Setzler reiterated what he told the Journal on Friday, which is the rail line would only benefit five percent of the county while at the same time costing each household in Cobb $4,000.
"Is that a reasonable price tag for something that I would argue 95 percent of people in Cobb can't ride?" Setzler asked.
Lee said any project that's built, whether it's a ballpark or a rail line, isn't going to benefit everyone.
Rogers said he's leaning against the T-SPLOST as well.
"When you have a plan with 55 percent of it is going to rail at a time when we have very few dollars and very great traffic mitigation needs, I think it's going to have a very difficult time passing," Rogers said. "I mean, people are going to look at that and say, 'that's not good for Cobb County.' The rail only comes one mile into Cobb County."
Rogers said rail is good in some instances for economic development.

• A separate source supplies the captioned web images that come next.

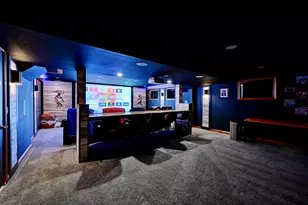 130 Kruempelman Dr, Fort Mitchell, KY 41011 - Photo 41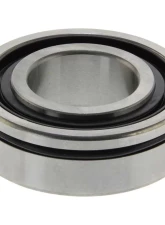 Centric C-Tek Standard Axle Shaft Bearing Assembly Single Row 411.62008E                                     - 411.62008E - Image 4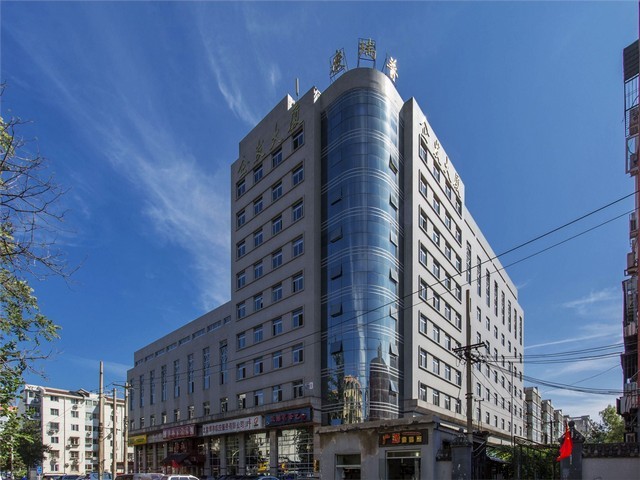 高罗清扫器批发厂家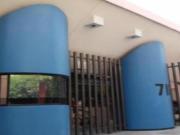 Departamento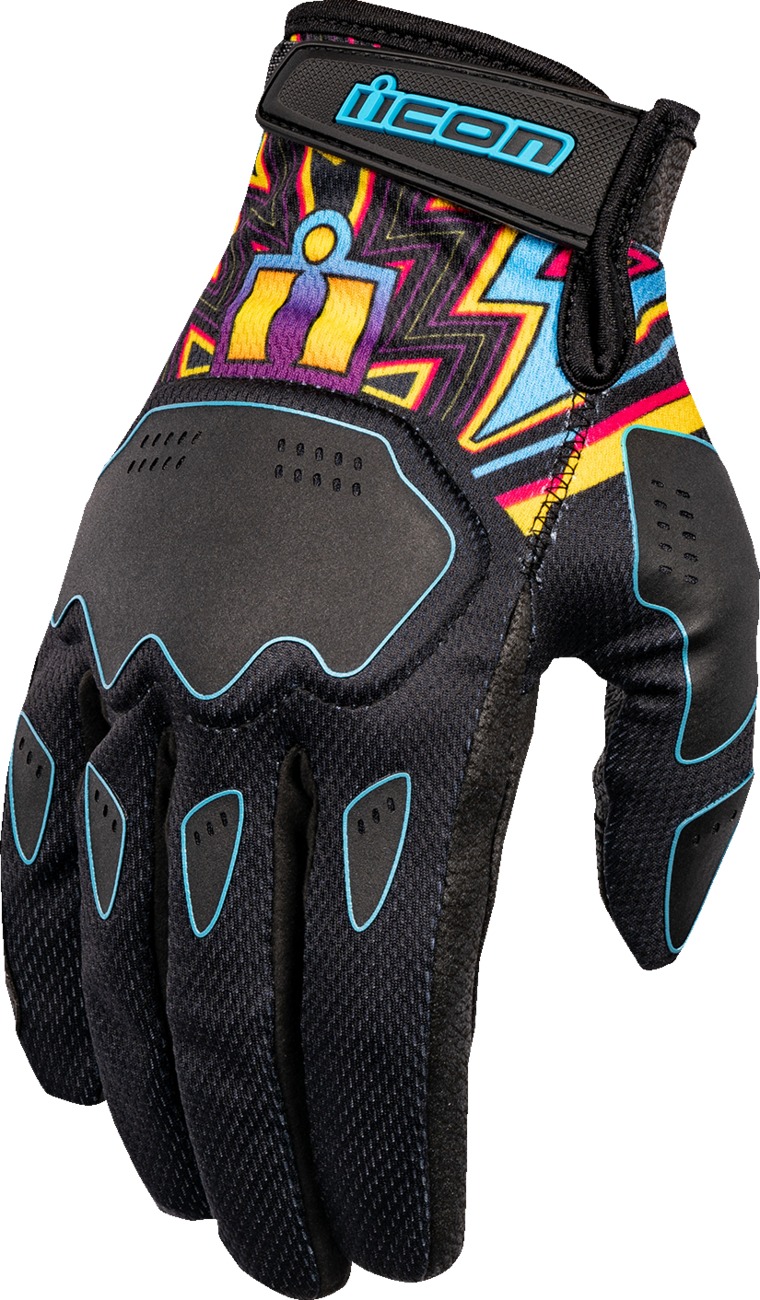 4EC8D461-60D1-4661-AE69-1C6FBFEC6DA9.jpg 4EC8D461-60D1-4661-AE69-1C6FBFEC6DA9.jpg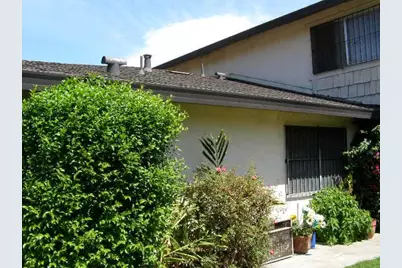 1410 Occidental Avenue #1, Stockton, CA 95203 - Photo 3
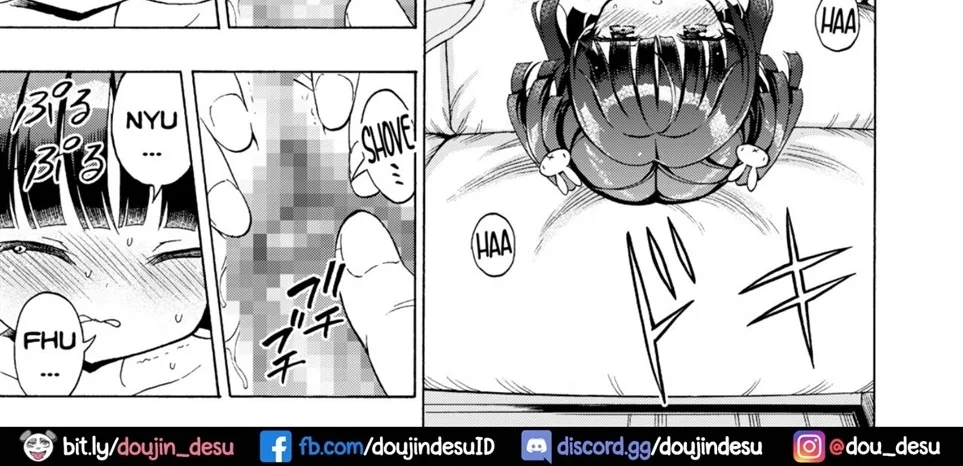 image-komik-asobo-chapter-01-65/123
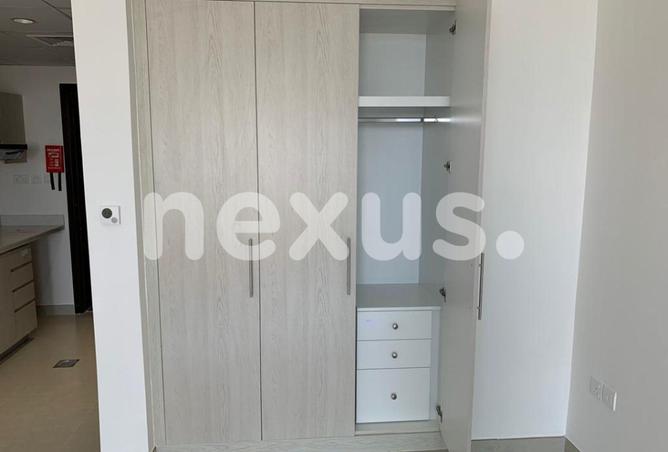 54931900 - Property Image 2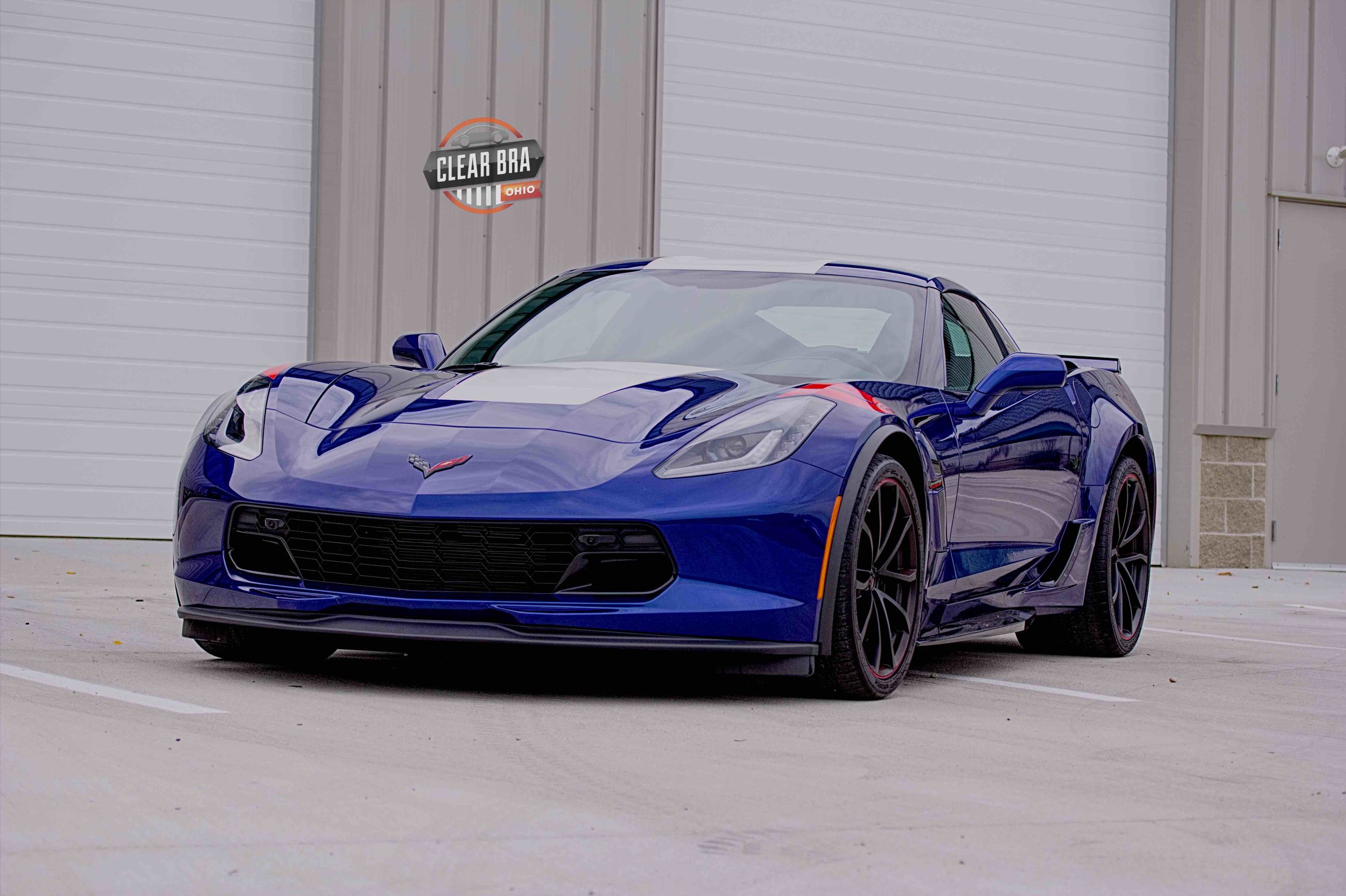 Grand Sport Blue 9.jpg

"We know that rail offers some things that you can't get from just building roads," Rogers said. "But we also know that rail doesn't do a great job in lessening traffic, and at a time when we need traffic to be lessened significantly, I don't know that we would put 55 percent of all our resources into that alone. At this time I'm certainly leaning against it."
Next year, voters in Cobb and other metro Atlanta counties will decide whether to pay an additional 1 percent sales tax for 10 years to finance road and transit projects. The tax is estimated to bring in more than $7 billion region wide over the decade. Last week, the Executive Committee of the Atlanta Regional Transportation Roundtable approved a draft list of $6.14 billion worth of projects the regional tax would pay for. Cobb would get about $1.1 billion worth of projects, with the costliest being $857 million toward the light-rail line from Midtown to Cumberland.